Communications company Avaya has announced that it filed for Chapter 11 protection in the US Bankruptcy Court for the Southern District of New York.
According to the company, the move will enable them to restructure their balance sheet to better position the business for the future. “We have conducted an extensive review of alternatives to address Avaya’s capital structure, and we believe pursuing a restructuring through Chapter 11 is the best path forward at this time,” said Kevin Kennedy, Chief Executive Officer, Avaya in a statement. “Reducing the company’s current debt through the Chapter 11 process will best position all of Avaya’s businesses for future success.”
The privately held Santa Clara, California-based company said it obtained a $725 million loan, which was underwritten by Citibank, to fund its operations during the filing. Subject to Court approval, the financing, combined with the Avaya’s cash from operations, is expected to provide sufficient liquidity during the Chapter 11 case to support its continuing business operations and minimise the disruption to its customers, partners and employees.
The company said it will not sell its contact centre business. As part of Avaya’s plan to address its capital structure, it evaluated expressions of interest in various assets. However, after discussions with its financial and legal advisers, the board of directors determined that focusing on Avaya’s debt structure was paramount and a sale of the contact centre business would not maximise value for customers and stakeholders.
“This is a critical step in our ongoing transformation to a successful software and services business. Avaya’s current capital structure is over 10 years old and was put in place to support our business model as a hardware-focused company, which has evolved significantly since that time.
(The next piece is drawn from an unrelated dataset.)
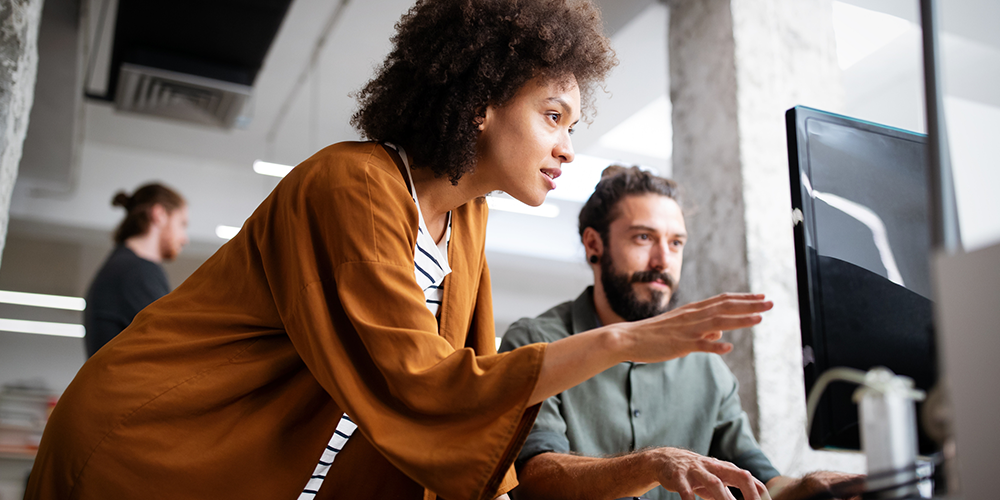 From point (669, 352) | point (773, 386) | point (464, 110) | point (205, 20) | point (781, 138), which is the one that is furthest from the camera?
point (205, 20)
Now, as a result of the terms of Avaya’s debt obligations and the upcoming debt maturities, we need to recapitalise the Company,” said Kennedy.
The Avaya CEO underlined that “the business is performing well,” and that they are confident this process will enable them to “emerge stronger than ever.”
He also mentioned that the move is a reflection of Avaya’s debt structure and not the strength of its operations or business model.
Avaya’s foreign affiliates are not included in the filing and will continue normal operations, according to the company.
Nidal Abou-ltaif, President, Avaya International, said, “For Avaya’s Middle East and Africa operations we expect to continue business as usual – and to build on the success we achieved in 2016. As the FY2016 results announcement underlines, operational performance continues to remain strong, reflecting the strength of our technology portfolio. 2016 was a year of innovation for Avaya, with 16 major solution launches, a company record. Avaya had many highlights across the region, reporting double-digit growth for our networking business and adding major new customers in the real estate and oil and gas sectors. We also saw significant interest in our cloud business, with many customers looking at our cloud service offerings.”